Setelah itu gelombang satu generasi bapakku. Nama-namanya mulai berubah, biasanya diawali dengan suku kata “SU’ yang artinya baik, diambil dari bahasa Sanskerta atau Jawa Kuno. Nama-nama yang ngetren seperti Suteja (nama bapakku) – “Su” artinya Baik, “Teja” artinya Sinar, Suteja mungkin artinya Sinar yang baik – semoga dia dapat menyinari keluarganya dengan baik. selain itu ada nama-nama seperti, Subrata, Sukadana, Sukerena, Sudana, Suparta, Subawa, Sukarta, Sukarma, Suprapta, Sukadana, dan lain-lainnya. Sementara yang perempuan juga sama, seperti : Sukarti, Sukasih, Sukreni, Sudarmi, Sukarmi, Sudiasih dan lainnya.

Selanjutnya berubah kearah trend mencari nama yang berbau jawa kuno atau Sanskrit dengan perpaduan dua kata atau lebih. Dan ada beberapa gelombang orang yang frustasi dengan system strata social dengan kasta, sehingga menghilangkan identitas kedaerahan Bali didepan namanya, seperti menghilangkan Wayan, Made, Nyoman, Ketut. Apalagi kemudian ditambah lagi dengan program Keluarga Berencana yang mengkampanyekan slogan “dua anak cukup”! - Tidak tahu, kenapa setiap mendengar kata dua anak cukup, aku selalu ingat dengan kelinci!. Aneh- maka semakin berkurang orang Bali yang memakai nama Nyoman dan Ketut. Golongan penentang kasta dan beraliran nasionalis seperti misalnya bapaknya yang tidak memakaikan Wayan atau Putu di depan namaku dan adikku, nama adikku Diah Ary Perwirani. Ada juga beberapa saudaraku tidak memakai nama bali, jadi nama mereka : Krishna Adithama Ekasuta, Dwi Indra Radha Krisnhanti, Krishna Yudha Tripamungkas, Pavita Komala Kusuma Dewi.
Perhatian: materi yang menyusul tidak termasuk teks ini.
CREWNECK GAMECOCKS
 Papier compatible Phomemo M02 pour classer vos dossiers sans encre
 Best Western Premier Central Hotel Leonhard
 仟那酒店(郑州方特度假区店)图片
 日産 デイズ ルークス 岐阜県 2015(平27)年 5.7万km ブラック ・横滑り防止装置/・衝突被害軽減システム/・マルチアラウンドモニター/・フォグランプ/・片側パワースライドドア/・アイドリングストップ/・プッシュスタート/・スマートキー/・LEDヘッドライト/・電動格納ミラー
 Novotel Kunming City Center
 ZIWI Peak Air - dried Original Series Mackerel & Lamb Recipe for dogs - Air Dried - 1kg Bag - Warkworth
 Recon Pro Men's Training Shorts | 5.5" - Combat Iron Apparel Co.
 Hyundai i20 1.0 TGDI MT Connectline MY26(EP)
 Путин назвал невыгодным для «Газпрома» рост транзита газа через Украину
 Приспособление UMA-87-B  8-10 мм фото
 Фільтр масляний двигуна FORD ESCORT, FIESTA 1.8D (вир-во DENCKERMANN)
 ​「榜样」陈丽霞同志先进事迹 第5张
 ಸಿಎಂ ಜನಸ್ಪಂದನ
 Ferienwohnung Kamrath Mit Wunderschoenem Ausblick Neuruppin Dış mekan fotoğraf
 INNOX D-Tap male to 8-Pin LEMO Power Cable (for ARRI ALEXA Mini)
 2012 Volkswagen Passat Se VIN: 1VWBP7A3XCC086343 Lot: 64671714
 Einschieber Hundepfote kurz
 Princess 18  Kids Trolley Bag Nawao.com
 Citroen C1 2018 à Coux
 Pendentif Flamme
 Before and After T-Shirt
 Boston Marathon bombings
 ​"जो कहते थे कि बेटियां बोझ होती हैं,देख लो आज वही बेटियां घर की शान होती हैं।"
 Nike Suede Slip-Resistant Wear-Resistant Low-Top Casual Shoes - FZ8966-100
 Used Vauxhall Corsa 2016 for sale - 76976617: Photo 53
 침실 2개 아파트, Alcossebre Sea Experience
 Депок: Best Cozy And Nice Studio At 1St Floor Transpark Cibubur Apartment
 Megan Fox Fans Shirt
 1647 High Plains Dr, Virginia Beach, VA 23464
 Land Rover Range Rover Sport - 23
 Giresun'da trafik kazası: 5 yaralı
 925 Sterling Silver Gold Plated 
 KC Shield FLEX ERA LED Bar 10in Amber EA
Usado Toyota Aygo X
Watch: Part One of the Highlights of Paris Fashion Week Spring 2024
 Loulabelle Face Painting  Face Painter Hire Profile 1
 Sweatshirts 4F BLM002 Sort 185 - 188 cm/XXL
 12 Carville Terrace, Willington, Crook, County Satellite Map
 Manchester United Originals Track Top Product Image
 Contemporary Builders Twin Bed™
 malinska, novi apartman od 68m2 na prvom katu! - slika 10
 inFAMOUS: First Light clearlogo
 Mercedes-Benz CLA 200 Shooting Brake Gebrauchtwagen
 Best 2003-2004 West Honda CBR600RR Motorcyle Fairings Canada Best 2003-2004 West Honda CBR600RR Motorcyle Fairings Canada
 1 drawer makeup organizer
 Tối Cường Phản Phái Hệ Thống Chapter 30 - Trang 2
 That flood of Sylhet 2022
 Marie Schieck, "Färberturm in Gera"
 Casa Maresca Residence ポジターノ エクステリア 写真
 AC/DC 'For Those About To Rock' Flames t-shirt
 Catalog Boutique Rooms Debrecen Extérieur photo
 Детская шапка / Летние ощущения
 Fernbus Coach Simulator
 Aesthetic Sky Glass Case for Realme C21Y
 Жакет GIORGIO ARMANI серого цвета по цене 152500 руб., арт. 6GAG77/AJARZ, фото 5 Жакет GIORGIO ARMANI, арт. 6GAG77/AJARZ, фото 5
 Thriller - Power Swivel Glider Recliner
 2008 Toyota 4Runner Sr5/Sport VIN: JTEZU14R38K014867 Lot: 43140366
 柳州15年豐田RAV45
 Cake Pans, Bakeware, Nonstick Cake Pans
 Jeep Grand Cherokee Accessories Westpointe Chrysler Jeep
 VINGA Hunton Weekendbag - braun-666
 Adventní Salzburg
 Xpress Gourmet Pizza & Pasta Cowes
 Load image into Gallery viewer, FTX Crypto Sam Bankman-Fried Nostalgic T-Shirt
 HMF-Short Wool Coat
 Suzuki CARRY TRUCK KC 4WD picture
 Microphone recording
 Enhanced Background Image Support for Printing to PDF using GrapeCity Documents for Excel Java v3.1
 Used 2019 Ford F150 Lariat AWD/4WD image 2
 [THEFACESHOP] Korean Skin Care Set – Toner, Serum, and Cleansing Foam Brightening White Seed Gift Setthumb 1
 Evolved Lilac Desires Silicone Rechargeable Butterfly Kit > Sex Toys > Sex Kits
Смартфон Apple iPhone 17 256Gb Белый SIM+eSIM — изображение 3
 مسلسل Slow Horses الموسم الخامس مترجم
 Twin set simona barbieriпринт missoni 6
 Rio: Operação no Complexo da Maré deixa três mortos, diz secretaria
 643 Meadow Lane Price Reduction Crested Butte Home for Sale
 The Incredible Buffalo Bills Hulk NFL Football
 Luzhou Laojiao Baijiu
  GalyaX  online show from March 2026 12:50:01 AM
Generasi dibawahku, anak-anak kecil sekarang, namanya sudah mengikuti nama-nama sinetron, film atau artis. Namanya seperti, Amanda, Kevin, Satrio, dan lain-lain. Ada seorang anak perempuan yang diadopsi oleh pasangan yang tidak punya anak di Banjarku, menamakan anaknya Esterlita, nama seorang tokoh telenovela Meksiko yang pernah ngetrend di televisi. Lucunya juga, ada seekor anjing di banjarku namanya Rudolfo.

Kembali lagi ke nama untuk anakku. Belakangan aku mulai rajin menjamah kamus bahasa Kawi atau Jawa Kuno, sebenarnya bukan tanpa alasan. Dirumahku ada beberapa kamus bahasa : Inggris (tentunya), Perancis, Jepang, Swedia dan Jawa Kuno. Tentu saja, empat terdepan itu tidak cocok dengan kultur Indonesia apalagi Bali. Dari kamus Jawa Kuno aku menemukan beberapa kata yang lucu untuk anak laki-laki – hasil USG mengatakan bayiku laki-laki. Aku berharap dokternya tidak salah lihat. Aku ingin punya anak laki-laki, karena aku tidak pernah punya saudara laki-laki. Nama-nama itu seperti : Manggala Kanta, Narendra Kila, Raka Abhimata, Rakryan Manggala Abhimata, Ekanata Diwangkara, Nayaka Kila Santikarma. Aku tidak tahu neh yang mana yang keren. Veda bilang tunggu dari dia dulu. Sampai sekarang dia belum ada inspirasi, katanya, gimana mau dapat inspirasi, nama-nama di sini umumnya, La Ode, Wa Ode, La Biru, dan lainnya.

Tetapi apapun itu namanya, aku berharap semoga anakku lahir dengan sehat, normal dan tidak kurang satu apapun. Aku juga tidak mau memberatkannya dengan nama yang mencerminkan segala ambisi dan keegoisanku.